In 1865 he wrote a report recommending that Yosemite, an area of natural beauty, be placed under State control and designated as a national park.i
In his leading argument he stated that Yosemite should be preserved as a park for the good of the nation to allow all citizens the pursuit of happiness. Olmsted asserted that spending time in natural settings was good for physical and intellectual health and increased happiness both in the moment and afterwards. Indeed Olmsted declared these benefits as ‘scientific fact’ over a century before modern science, using MRI scans, proved that simply viewing images of natural scenery reduced stress and anxiety.ii
“It is a scientific fact that the occasional contemplation of natural scenes of an impressive character, particularly if this contemplation occurs in connection with relief from ordinary cares, change of air and change of habits, is favorable to the health and vigor of men and especially to the health and vigor of their intellect beyond any other conditions which can be offered them, that it not only gives pleasure for the time being but increases the subsequent capacity for happiness and the means of securing happiness.”iii
Olmsted warned that people deprived of time in nature due to busy lifestyles may develop emotional health problems such as melancholy or nervous conditions, foreseeing the perils of what we would now call ‘disconnection’ or nature deficit.

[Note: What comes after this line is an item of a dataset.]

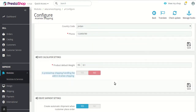Next is the rate calculator settings. The first option is product default weight. Here you can enter the default weight of the products. For example, if any product needs to be shipped but its weight is not mentioned, this default weight will be used so that the shipping charges can accordingly be calculated.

“The want of such occasional recreation where men and women are habitually pressed by their business or household cares often results in a class of disorders the characteristic quality of which is mental disability, sometimes taking the severe forms of softening of the brain, paralysis, palsey, monomania, or insanity, but more frequently of mental and nervous excitability, moroseness, melancholy, or irascibility, incapacitating the subject for the proper exercise of the intellectual and moral forces.”iv
Olmsted noted the habits of leaders and influential people who would take regular breaks in the outdoors such as parks, fields and mountainous areas, and claimed that they lived longer lives for doing so, an assertion supported by recent research on the effects of exposure to natural environments on health inequalities.v
“It is well established that where circumstances favor the use of such means of recreation as have been indicated, the reverse of this is true. For instance, it is a universal custom with the heads of the important departments of the British Government to spend a certain period of every year on their parks and shooting grounds, or in travelling among the Alps or other mountain regions. This custom is followed by the leading lawyers, bankers, merchants and the wealthy classes generally of the Empire […] there is a corresponding prolongation of vigor among the men of business of the largest and most trying responsibility in England, as compared with those of our own country, which physicians unite in asserting is due in a very essential part to the habitual cares, and for enjoying reinvigorating recreation.”vi
He believed that the beauty of nature affected the mind by reinvigorating the nervous system and noted that it can be difficult for many people to put into words the feeling they get when in nature, even when they are aware that it is having an impact. For Olmsted there is a connection between being impressed by your surroundings and the transfer of a positive message through the nervous system to the brain. A hundred years later the Kaplans postulated a similar notion within their Attention Restoration Theory describing the impact that nature has has on our mind and body by providing ‘soft fascination’, producing a calming and restorative effect.vii
“If we analyze the operation of scenes of beauty upon the mind, and consider the intimate relation of the mind upon the nervous system and the whole physical economy, the action and reaction which constantly occurs between bodily and mental conditions, the reinvigoration which results from such scenes is readily comprehended. Few persons can see such scenery as that of the Yosemite and not be impressed by it in some slight degree. All not alike, all not perhaps consciously, and amongst all who are consciously impressed by it, few can give the least expression to that of which they are conscious. But there can be no doubt that all have this susceptibility, though with some it is much more dull and confused shall with others.”viii
I’ve witnessed the same non-verbal reaction in people I work with outdoors when I ask what their experience of being in nature has been like. Commonly they smile, shrug, and then there is a silent pause where they reach for words but none come out. It is similar to the joyful expression a friend might have when they tell you that they have fallen in love. Near universally, people share that it feels liberating, freeing, less stifling, calming, supportive. When processed out in nature, emotions are allowed to surface, be addressed and then disperse, as if on a breeze. Whereas if they were in a room, clients have told me that they feel the emotions would have lingered and they’d have felt stagnant.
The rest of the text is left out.